Europe’s first Cloud Computing Centre is coming to Dublin, IBM has announced.

The new facility will serve as a hub delivering Cloud Computing research and services to a number of satellite facilities due to be built in Europe, the Middle East and Africa. IBM experts from these centres will work directly with clients in the region, helping them to adopt cloud computing solutions that spur technology research and business development.

The Dublin centre is supported by IDA Ireland. It is expected that 21 people will work in the centre, of which nine will be focused on research in the area of cloud computing.

The centre is part of and in addition to IBM’s €46m, three-year investment in Ireland announced in July 2006, which pledged 300 high-value new jobs over that period. Some of the new jobs at the centre will be additional to the 300 promised in the original investment.

“Our investments in cloud computing are a prime example of how IBM is seeking out emerging global market opportunities and new computing models that benefit IBM clients,” said Steve Mills, senior-vice president and group executive, IBM Software Group. “Through this new facility and the cloud computing model, the wealth of talent at IBM’s software lab in Ireland will be accessible to not only the rest of Europe, but Africa and the Middle East as well.”

“Responding to demand in the market, we are moving fast to build an integrated cloud computing operation. We are adding Europe’s first Cloud Computing Centre in Dublin and more facilities into a network of existing centres in China, Vietnam and the US. The centres can bring skills and expertise to serve our clients in building their own new enterprise data centres,” said Dr Willy Chiu, vice-president of high performance on demand solutions, IBM Software Group. “We will also address the need for open interoperability standards.”
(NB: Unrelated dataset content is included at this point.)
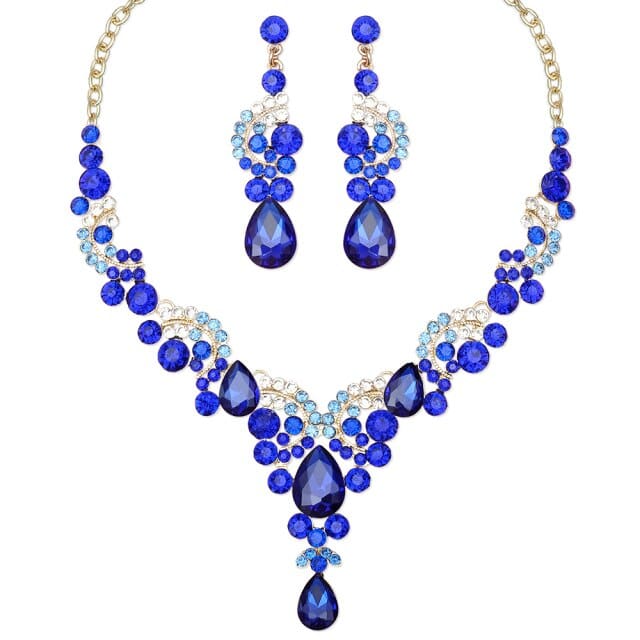 luxury crystal elegant women party jewelry 2 pcs set royal blue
IBM high performance on demand solutions lab will work with IDA Ireland to build the new cloud computing centre using IBM’s ‘Blue Cloud’ technologies, a series of cloud computing offerings based on industry open standards and open source software. IBM Tivoli systems management software will manage the cloud computing environment.

The centre will place a focus on innovation and research activities. As part of its ongoing educational initiatives, IBM has also agreed to facilitate cloud computing training for lecturers at the Dublin Institute of Technology’s school of computing. The training will help the school to foster new skills to meet the needs of this emerging computing model.
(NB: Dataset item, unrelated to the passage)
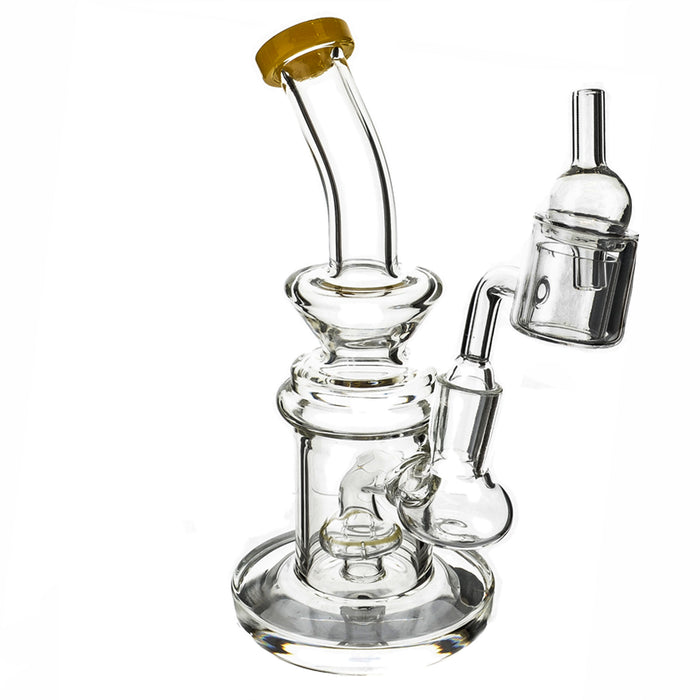 7" Clear Bent Color Mouth Shower Perc Dab Rig - SmokeZone 420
One of the centre’s first offerings for clients, called IBM Idea Factory for Cloud Computing, is a new service delivered directly to clients over a cloud computing environment. Using Web 2.0 technology, it assembles communities of business professionals into social networks to facilitate the development of new business ideas. IBM Idea Factory for Cloud Computing captures business processes from their beginnings as ideas and follows through to their commercialisation, speeding up brainstorming among employees, partners, software developers and other third-party participants.

Cloud computing is an information technology infrastructure in which dynamically shared computing resources are virtualised and accessed as a service. Cloud computing replaces the traditional data centre model in which companies own and manage their own, stand-alone hardware and software systems.